Dedicated to John Timmins
31‍ ‍October ‍1950‍ ‍–‍ ‍22‍ ‍November ‍2012
Breakfast Brainstorming

Breakfast Brainstorming: John Timmins, right of centre, but far from that politically, brainstorming at the ‘Mahurangi Breakfast Club’, 28 March 2008. In yet another poignant coincidence, in the minutes before John’s death was discovered, the first breakfast brainstorming in two years was being planned, for 8 am 7 December at what lamentably is no longer called Ducks Crossing Café. photographer Sarah Ransom

Publishing an online magazine is an inherently lonely activity.

Which made the support that John Timmins provided, from the Mahurangi Magazine’s inception in 2007, pivotal for the editor.

Active collaboration with John had already begun when he was prevailed upon to contribute a piece on Professor Sir Graham (Mont) Liggins to the January 2007 print edition of the Mahurangi Magazine. John’s story was to provide the local context to a review of Mismatch: Why Our World No Longer Fits Our Bodies.
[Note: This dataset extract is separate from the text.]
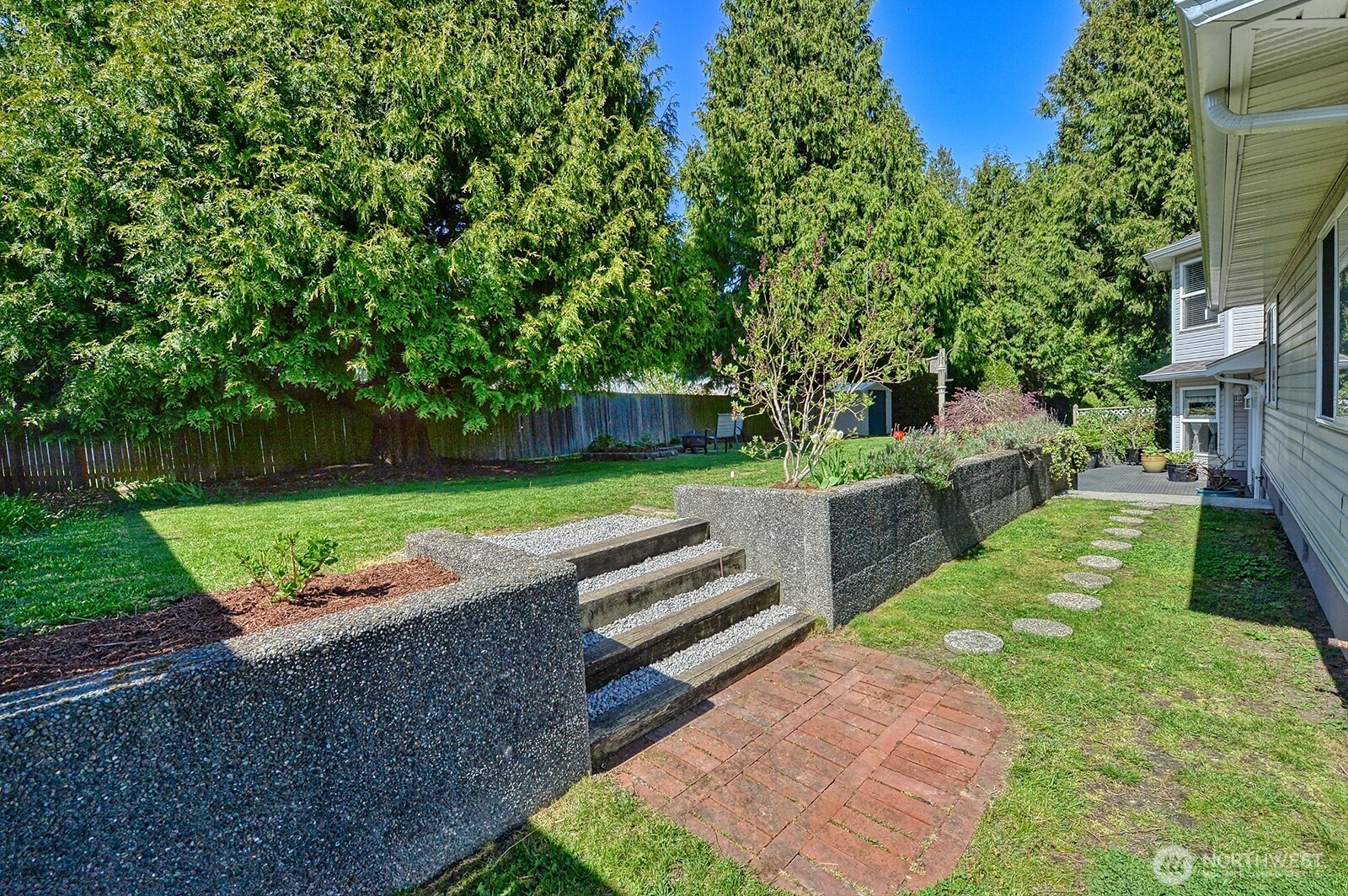 8091 Kispiox Road , Blaine, WA 98230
This globally important work was co-written by Professor Sir Peter Gluckman, founding director of the Liggins Institute, and inaugural chief science adviser to the prime minister.

John was impeccably qualified to write about obstetrical research pioneer ‘Mont’ Liggins. Their shared time together as close friends and neighbours while on annual holidays in Ōpahi, including the shared unapologetic ability to take a glass of port or two of a summer’s morning together, meant there was little they didn’t know about each other. John’s warmly written article praised the Liggin’s contribution to conservation, and paid tribute to Sir Graham’s dominance of the Ōpahi–Jamieson bays fishing competition.
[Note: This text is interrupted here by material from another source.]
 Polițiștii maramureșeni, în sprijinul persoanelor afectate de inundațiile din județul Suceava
The January 2007 edition of the Mahurangi Magazine proved to be the first and last published on paper. While it readily received a strong advertiser response, clearly that support was largely benevolent. It would have been unreasonable to expect the same businesses to contribute to a similar level every other month or even quarterly. Besides, persisting with hardcopy publishing was patently at odds with the purposes of a principally environmental organisation.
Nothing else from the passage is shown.